DBCS believes every child deserves a quality education, regardless of physical, mental, or
emotional disabilities. However, facility, Faculty, and financial constraints make it impossible
for DBCS to accommodate children with disabilities at this time. Since we are unable to create a
proper learning environment, it would be a disservice to allow admission to children with
disabilities. Furthermore, if a current DBCS student is tested and diagnosed with a specific kind
of disability the school cannot accommodate, then the student will be released from the school.
The final decision on any admission shall be exclusively reserved to the School Management
Team. The Team’s decision is not subject to review or appeal.
CALCULATORS: A graphing calculator is an essential tool for this course and each student is
expected to have one. The TI-84 PLUS calculator is recommended because that is the model that
will be used for demonstrations in class.
STATEMENT ON PLAGIARISM/ACADEMIC HONESTY:
Scholastic dishonesty of any form will not be tolerated. Actions for scholastic dishonesty may
include grade reduction, failing grade for course, and/or recommendation for possible dismissal
from the college.
POLICY ON CONTAGIOUS DISEASES.
Parents / guardians are asked to keep all students with fevers and contagious illnesses home.
This is a health consideration for the well-being of all our students, Faculty, and Staff. After the
illness, students need a signed note from parent / guardian stating the reason for missing school.

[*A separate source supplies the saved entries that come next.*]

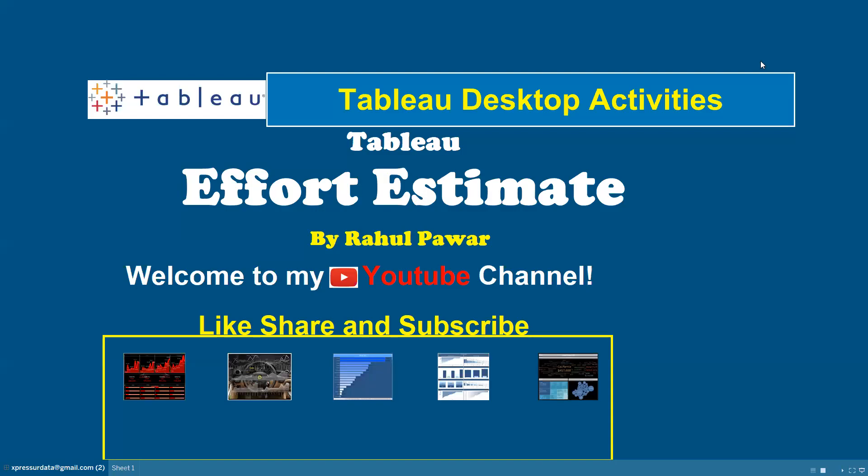Hello everyone, welcome to yet another important video. In today's video, we are going to discuss effort estimate, one of the very important tasks or terms that a developer will face in his tenure as a developer.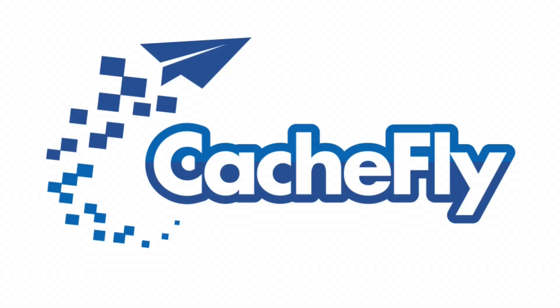Bandwidth for this podcast is brought to you by CacheFly at cachefly.com.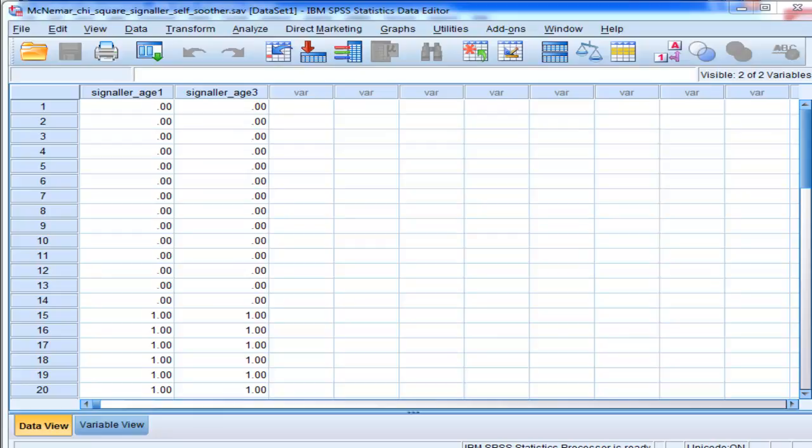If you haven't seen the McNemar Chi-Square SPSS video that I've put up, I'd recommend you look at it to really understand what I'm doing, or to understand where I'm coming from with this video.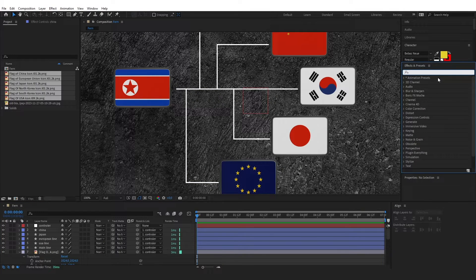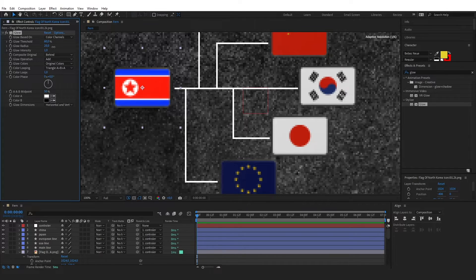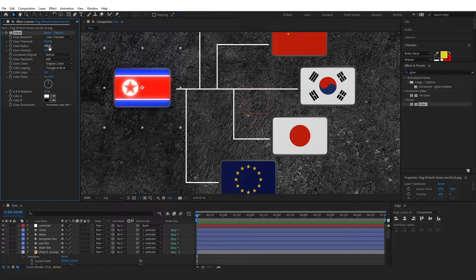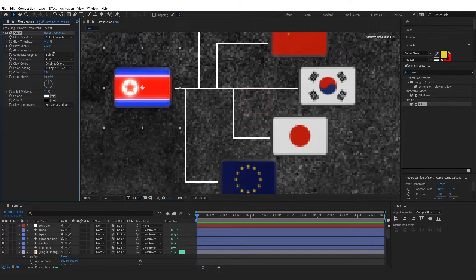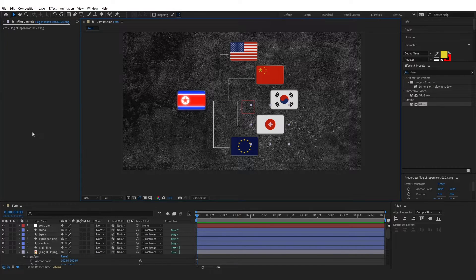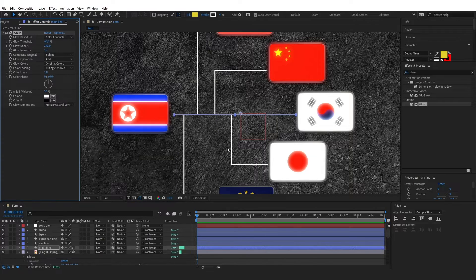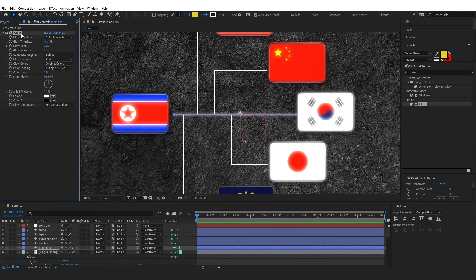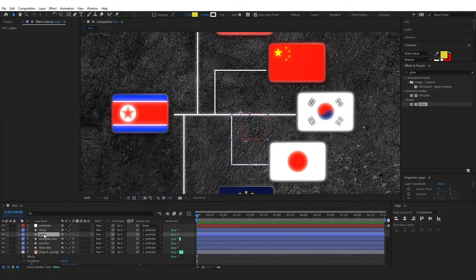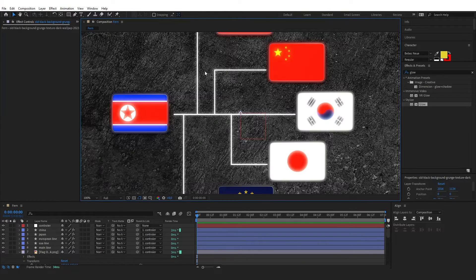In Effects and Presets, type 'glow' and drag it onto your flag. Starting from North Korea, I'll slightly increase the glow radius to 141 and the glow intensity to 1.2. I'll copy this glow and paste it on each of the other flags. For the lines, I'll decrease the glow radius to around 13 since the lines are smaller.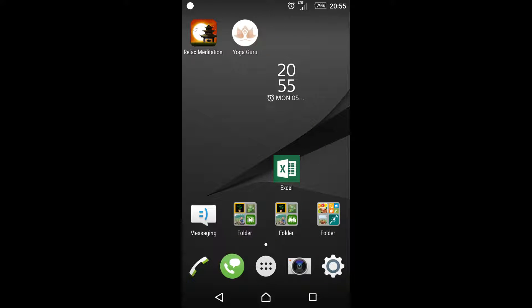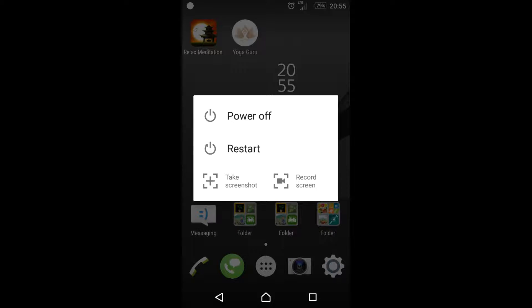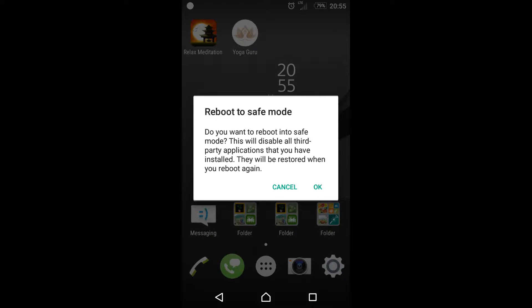How to turn on safe mode in Android mobile. Long press the power button and hold the power off option.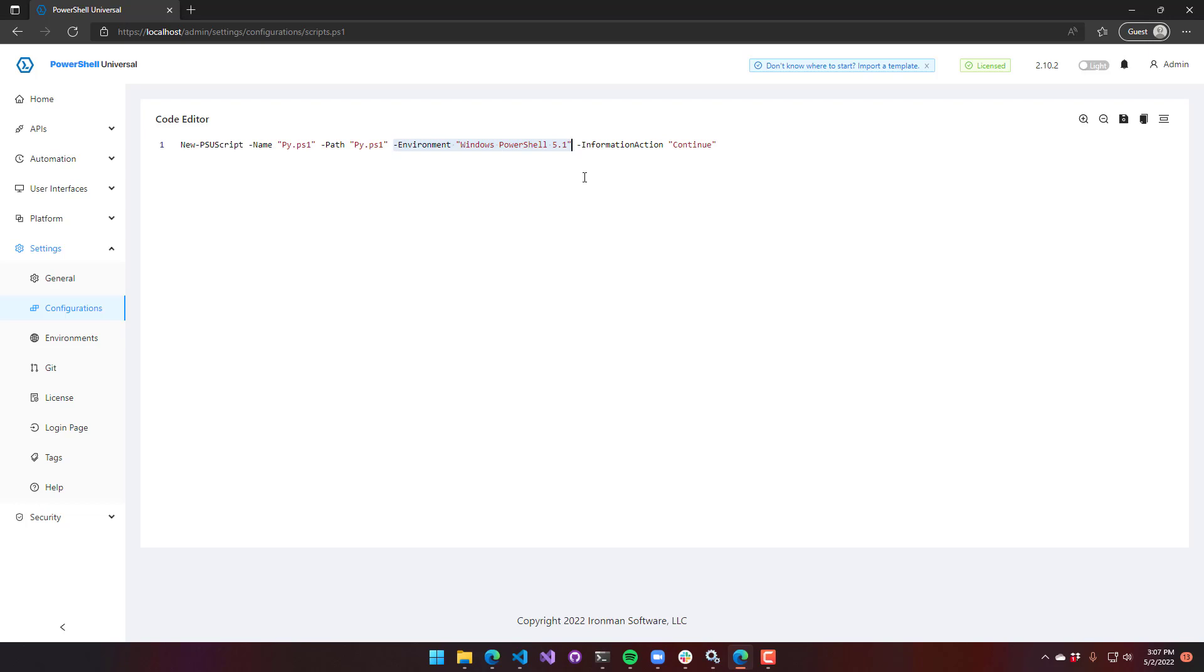In this video, we went over what are environments, how to configure environments, and where to set environments inside your PowerShell Universal instance.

School policy is that a student must stay home with the following conditions:
Flu symptoms
Diarrhea (24 hours fever free without medication before returning to school)
Colored nasal discharge
Persistent cough
Fever (24 hours fever free without medication before returning to school)
Vomiting due to illness (24 hours without vomiting before returning to school)
Strep Throat (24 hours on medication before returning to school)
Pinkeye (24 hours on medication before returning to school)
Students do, at times, come down with illnesses while at school. If that happens, the student will
be sent to the school clinic for evaluation by the school’s EMT to determine if the student should
stay in school or be sent home. If a student needs to be sent home, every effort will be made to
contact a parent / guardian. If a parent / guardian is not available, an emergency contact person
will be notified. Sick students will remain in the clinic until someone comes to pick them up.